Hi, OP. Rose asked me to take a look at this thread, as my husband has travelled for work/lived away most of the last several years.
I understand where the folks who are telling you you need to be home are coming from. But my experience is that if your head is not in the game, and into meeting her needs while at home, it really does not matter much if you are home or not. Iow, if you are a 4th kid, keep the job you have, as it will be less work for her. Sorry if that sounds harsh.
A big difference between your wife and me is that I have always wanted physical and emotional intimacy when my husband has been home. I don't really understand this once or twice a month sex idea. I have heard that some women get really into their kids and lose interest in their husbands. Could be the case with your wife. She does seem super involved with the kids.
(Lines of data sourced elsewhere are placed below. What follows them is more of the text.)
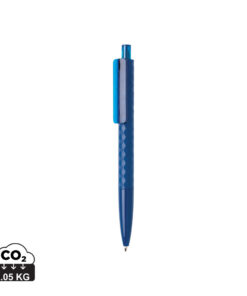 Alternative view of X3 Stift aus RCS recyceltem ABS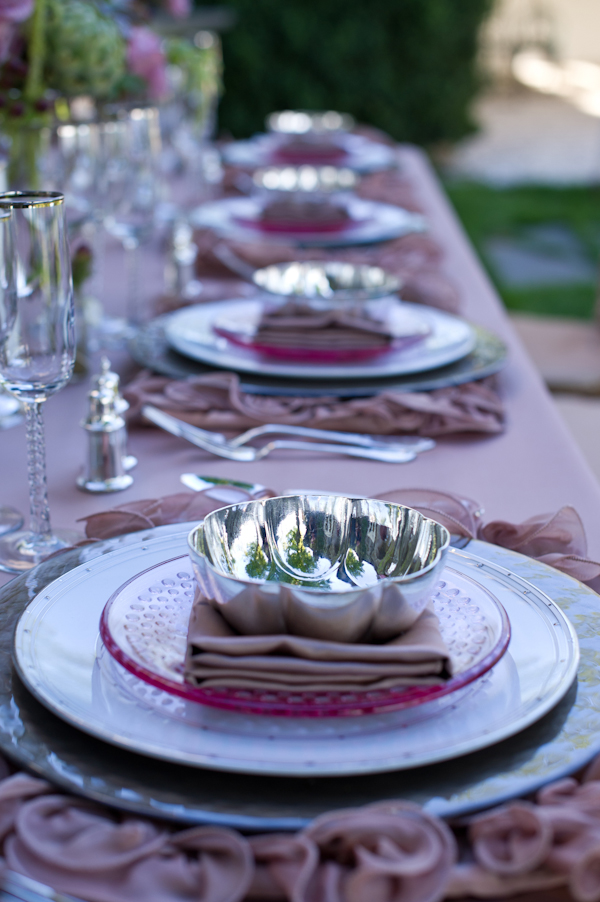 romantic-elegance-wedding-ideas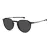 Carrera Ducati Lunettes de Soleil CARDUC 063/S 807/IR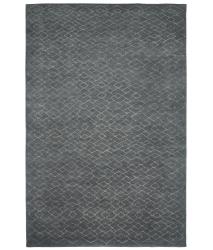 Изображение продукта KRISTIINA LASSUS Uele blugr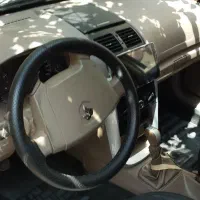 سمند lx مدل 1400|خودرو سواری و وانت|بندر ماهشهر, |دیوار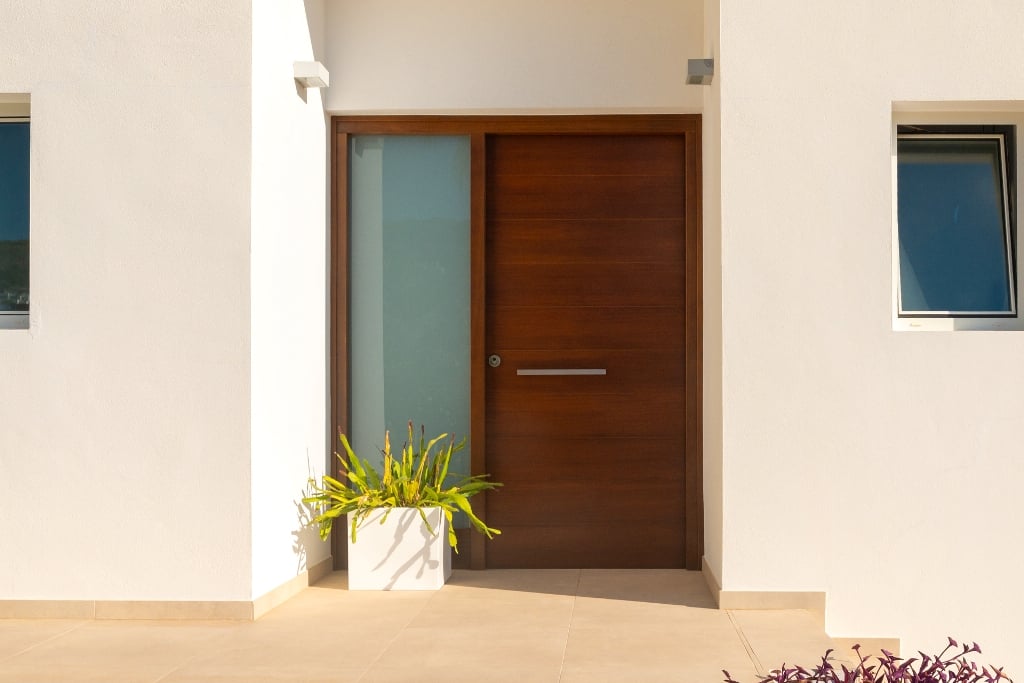 Villa in Urbanitzacio Montemar - Image 3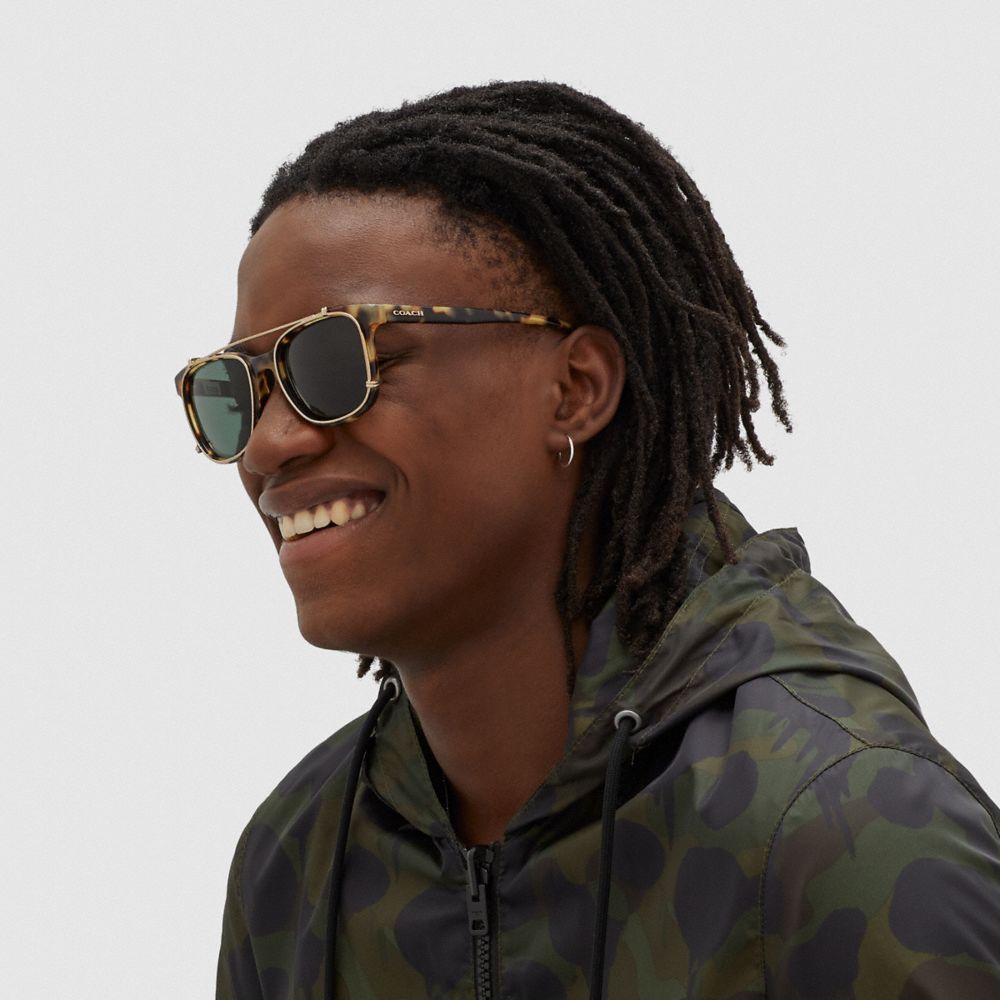 oakley veste ski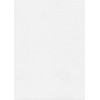 A6 Premium Quality 121.3 lbs (55 kg) 250 Sheets of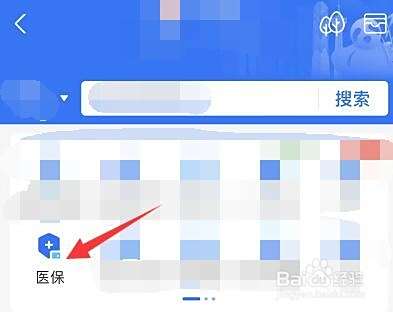 农村医保怎么查询缴费记录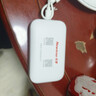 纽曼随身wifi多网通用移动无线wifi6免插卡上网宝随行无线便携车载支持5G/4G设备全国通用流量2025款 实拍图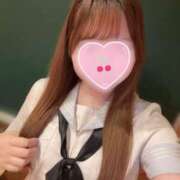 一色ちい 23時まで🍒 ハマヘル同好会（横浜ハレ系）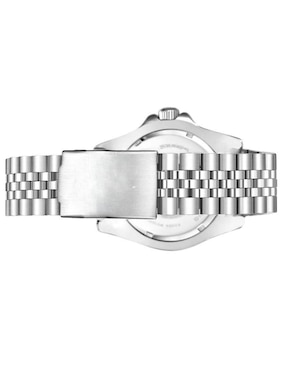 Reloj Haurex Italy Eterno para hombre 4a514ubr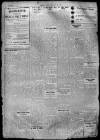 Widnes Weekly News and District Reporter Friday 11 February 1910 Page 2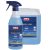 Buzil Planta Clear ablaktisztító, 10 liter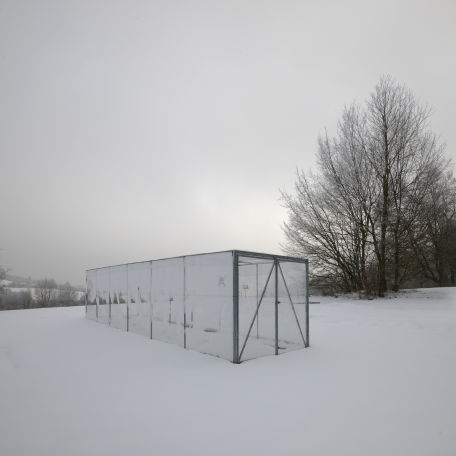winterlandscape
My husband is not one to be resentful if for some reason we do not have it every day he is home. He initiates, and I usually respond. But if I don't, it is no big deal. He just kisses my forehead and we both go to sleep. No resentment.
If you are needy or whiny or pouting or anything like that, stop. That is surely unattractive. Just try to inspire her interest, if possible. No guilting allowed.
Just thinking about this more . . . my husband can be pretty nurturing. And even when he is not nurturing, he is not demanding or needy. So between giving to me, and not taking on a personal level from me, it allows desire to build on my end. The last thing a mom of little ones needs is a husband taking from her.
Do you really like your job? I would hesitate to quit if you really like it, especially if you are unlikely to make as much money at a local job, and if your wife is not in agreement with the change.
Good luck, OP. I hope something in here helps. And remember: kids are not little forever. This too shall pass.